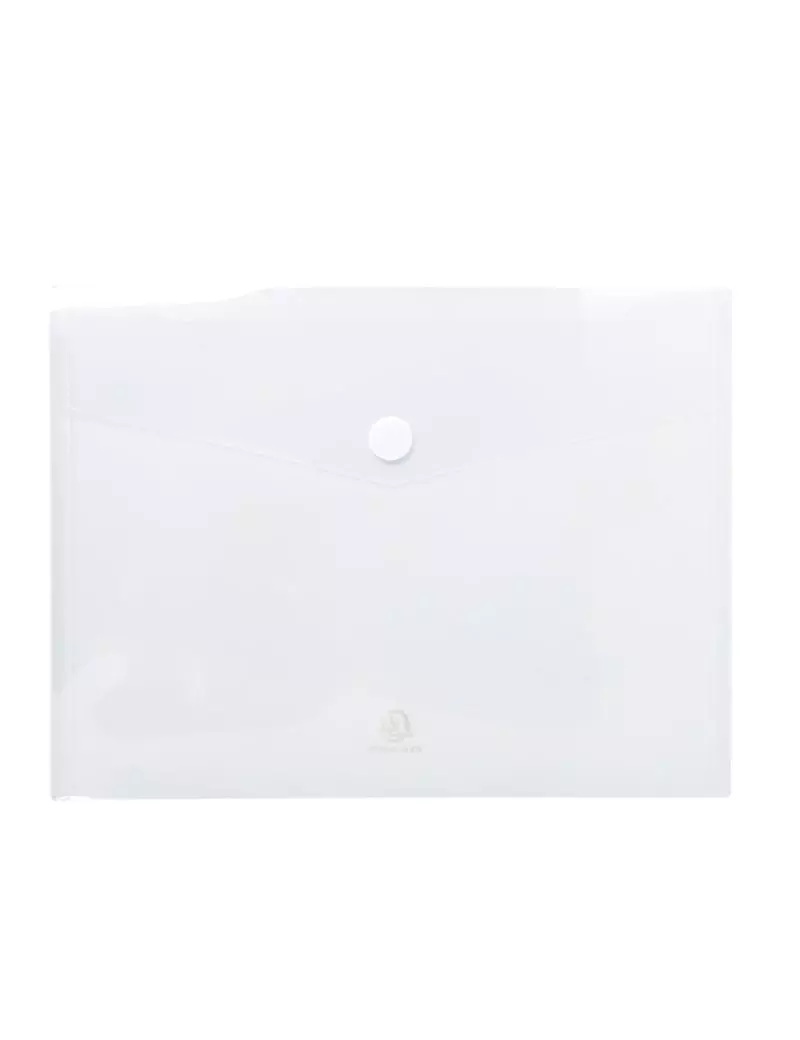 Busta a Tasca con Bottone in Velcro Exacompta - PPL - A4 - 56421E (Trasparente Conf. 5) Busta a Tasca con Bottone in Velcro Exacompta - PPL - A4 - 56421E (Trasparente Conf. 5)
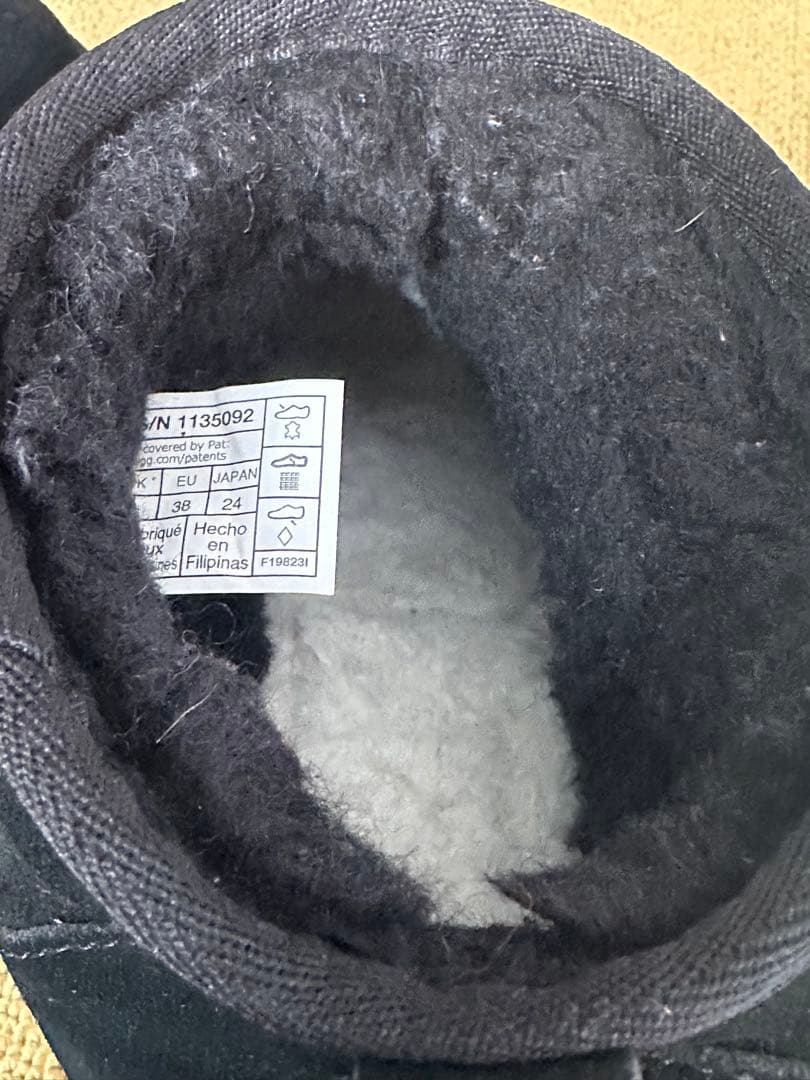 UGG 厚底　ブーツ　ブラック　美品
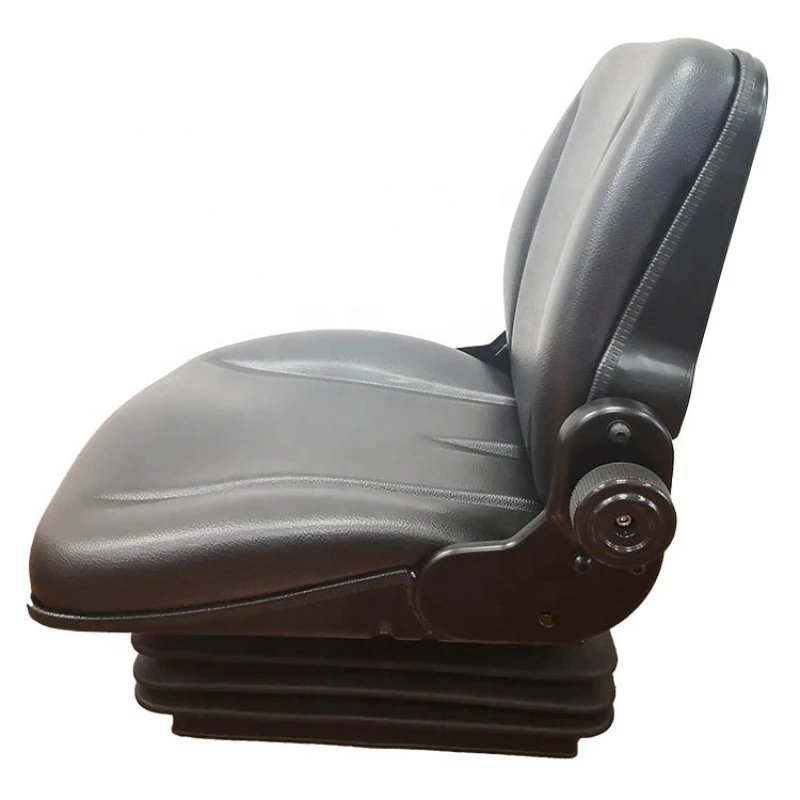 

Forklift Driver Seat Black Low Profile Suspension Bucket Seat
━━━━━━━━━━━━━━━━━━━━━━━━━━━━━━
• What you need to do
In your answer, set down the full listing word for word and include no pictures.

• Exercise output
 Busta a Tasca con Bottone in Velcro Exacompta - PPL - A4 - 56421E (Trasparente Conf. 5) Busta a Tasca con Bottone in Velcro Exacompta - PPL - A4 - 56421E (Trasparente Conf. 5)
 UGG 厚底　ブーツ　ブラック　美品

Forklift Driver Seat Black Low Profile Suspension Bucket Seat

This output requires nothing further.